Unternimmt man den Versuch, Kulturen gegeneinander abzugrenzen, so ist zu beachten, dass Kultur keine Rücksicht auf Landes- oder Sprachgrenzen nimmt, sondern sich dort etabliert, wo Geschichte und Charakteristika gemeinsame Verhaltensmuster erkennen lassen. So ist es auch nicht verwunderlich, dass Bayern und Österreicher oder Friesen und Dänen mehr Gemeinsamkeiten haben als Bayern und Friesen.

Möchte man nun unterschiedliche Kulturen beschreiben, so bedarf es bestimmter Kriterien, die die Andersartigkeit einer Kultur erkennen lassen. Die folgende Abbildung (siehe nächste Seite) zeigt die Ergebnisse einer Umfrage unter Managern von Swift, die auf die Frage antworteten, welche Teilbereiche einer Kultur ihnen am wichtigsten sind (vgl. Müller/Gelbrich, 2004, S. 72). Diese Teilbereiche können als grobe Richtung bei der Charakterisierung von Kulturen dienen. Die meisten der unten aufgeführten Aspekte werden in den folgenden Kapiteln angesprochen.

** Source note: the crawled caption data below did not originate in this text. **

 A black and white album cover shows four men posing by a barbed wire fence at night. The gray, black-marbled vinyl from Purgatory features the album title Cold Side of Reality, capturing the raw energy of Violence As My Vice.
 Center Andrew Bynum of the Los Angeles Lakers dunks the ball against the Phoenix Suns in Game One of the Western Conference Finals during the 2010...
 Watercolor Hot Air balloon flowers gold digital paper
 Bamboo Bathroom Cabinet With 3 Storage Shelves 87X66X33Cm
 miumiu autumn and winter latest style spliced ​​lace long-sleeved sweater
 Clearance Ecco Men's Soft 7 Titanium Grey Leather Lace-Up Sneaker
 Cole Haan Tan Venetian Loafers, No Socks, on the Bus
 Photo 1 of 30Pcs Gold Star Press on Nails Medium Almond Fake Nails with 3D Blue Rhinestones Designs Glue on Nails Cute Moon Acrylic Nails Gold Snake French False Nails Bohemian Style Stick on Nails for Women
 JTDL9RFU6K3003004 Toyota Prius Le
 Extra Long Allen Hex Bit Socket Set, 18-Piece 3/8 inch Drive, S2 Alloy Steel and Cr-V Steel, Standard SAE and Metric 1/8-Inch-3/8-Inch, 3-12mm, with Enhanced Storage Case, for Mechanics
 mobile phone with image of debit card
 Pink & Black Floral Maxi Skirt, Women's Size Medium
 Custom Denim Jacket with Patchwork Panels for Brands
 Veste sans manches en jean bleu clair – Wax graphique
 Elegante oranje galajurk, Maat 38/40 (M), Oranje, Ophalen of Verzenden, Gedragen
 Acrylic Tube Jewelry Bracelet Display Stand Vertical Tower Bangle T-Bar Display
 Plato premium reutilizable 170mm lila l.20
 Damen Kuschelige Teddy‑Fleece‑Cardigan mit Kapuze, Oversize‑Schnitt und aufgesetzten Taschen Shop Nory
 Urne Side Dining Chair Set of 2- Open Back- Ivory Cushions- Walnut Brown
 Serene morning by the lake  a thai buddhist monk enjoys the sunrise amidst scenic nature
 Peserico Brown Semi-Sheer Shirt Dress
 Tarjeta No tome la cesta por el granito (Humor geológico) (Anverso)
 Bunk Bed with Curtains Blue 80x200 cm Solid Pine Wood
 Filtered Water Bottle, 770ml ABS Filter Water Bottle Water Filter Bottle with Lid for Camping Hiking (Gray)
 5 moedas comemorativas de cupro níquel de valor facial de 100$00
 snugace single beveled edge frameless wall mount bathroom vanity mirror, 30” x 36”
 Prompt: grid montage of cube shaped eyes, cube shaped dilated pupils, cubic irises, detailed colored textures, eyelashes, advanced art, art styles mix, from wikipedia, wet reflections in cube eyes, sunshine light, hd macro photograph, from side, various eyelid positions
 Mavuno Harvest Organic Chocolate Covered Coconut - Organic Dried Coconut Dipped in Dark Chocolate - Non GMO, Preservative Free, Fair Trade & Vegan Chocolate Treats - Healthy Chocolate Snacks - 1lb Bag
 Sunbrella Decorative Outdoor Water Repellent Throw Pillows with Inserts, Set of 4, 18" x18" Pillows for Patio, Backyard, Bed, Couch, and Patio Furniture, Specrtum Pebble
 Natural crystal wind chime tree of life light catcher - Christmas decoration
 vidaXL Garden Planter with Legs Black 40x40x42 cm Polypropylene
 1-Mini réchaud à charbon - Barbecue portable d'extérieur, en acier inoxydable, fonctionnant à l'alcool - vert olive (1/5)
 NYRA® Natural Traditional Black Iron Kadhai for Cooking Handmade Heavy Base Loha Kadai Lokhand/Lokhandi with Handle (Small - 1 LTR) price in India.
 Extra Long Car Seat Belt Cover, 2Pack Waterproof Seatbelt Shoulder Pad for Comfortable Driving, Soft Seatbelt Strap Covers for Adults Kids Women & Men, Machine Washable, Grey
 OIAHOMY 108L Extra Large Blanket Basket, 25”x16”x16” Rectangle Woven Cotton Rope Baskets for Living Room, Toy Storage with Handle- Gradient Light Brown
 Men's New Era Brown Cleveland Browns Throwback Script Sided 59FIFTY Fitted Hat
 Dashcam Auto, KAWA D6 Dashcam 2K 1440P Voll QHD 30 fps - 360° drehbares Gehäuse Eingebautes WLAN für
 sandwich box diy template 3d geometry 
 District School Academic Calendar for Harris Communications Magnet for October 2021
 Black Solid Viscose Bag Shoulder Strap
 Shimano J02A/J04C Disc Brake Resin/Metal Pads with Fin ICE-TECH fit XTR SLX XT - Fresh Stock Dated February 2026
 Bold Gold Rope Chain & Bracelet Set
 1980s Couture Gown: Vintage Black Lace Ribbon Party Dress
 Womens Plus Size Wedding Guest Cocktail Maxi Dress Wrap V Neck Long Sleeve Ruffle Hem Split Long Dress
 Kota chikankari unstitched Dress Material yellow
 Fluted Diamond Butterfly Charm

Abbildung in dieser Leseprobe nicht enthalten

Tab. 2: Kulturbereiche

(Quelle: Müller/Gelbrich, 2004, S. 72)

3.2 Kulturelle Dimensionen nach Hofstede

Der Niederländer Geert Hofstede baute in den 60er Jahren die Personalforschung von IBM Europe auf und entdeckte dabei, dass Mitarbeiter in unterschiedlichen Ländern differierende Arbeitsweisen haben. Er nahm Kultur als Grund hierfür an und belegte seine Annnahme mit einer empirischen Befragung von 116.000 IBM Mitarbeitern in 70 Ländern von 1967 bis 1973. Dabei kristallisierten sich vier Dimensionen heraus, anhand derer sich eine

Kultur charakterisieren lässt. Die fünfte Dimension der Langzeitorientierung fügte er später für 23 Länder hinzu (vgl. Hofstede [b], o.J., o.S).

Da Hofstede arabisch-sprachige Länder in seiner Untersuchung zusammengefasst hat, lässt sich nur mit einem Durchschnittswert arbeiten. Hofstede befragte sowohl im Jahr 1969 als auch im Jahr 1972 Mitarbeiter in Arabien, insgesamt baute seine Analyse lediglich auf 141 Antworten auf (vgl. Hofstede [a], 2001, S. 52), was auch an der Zahl der kleinen IBM-Niederlassungen in dieser Zeit in dieser Region liegen mag. Generell ist anzunehmen, dass der Libanon und Saudi-Arabien jeweils einen der beiden Pole darstellen und sich die anderen arabischen Länder in der Mitte befinden und der Hofstedsche Wert somit einen Mittelwert darstellt.

Auch muss auf die Kritik hingewiesen werden, die an Hofstedes Untersuchung oft geübt wird. Als erstes handelt es sich um Daten, die von einer spezifischen Bevölkerungsgruppe stammen, nämlich Angestellten eines international tätigen Konzerns, mehrheitlich dürfte es sich um Männer handeln.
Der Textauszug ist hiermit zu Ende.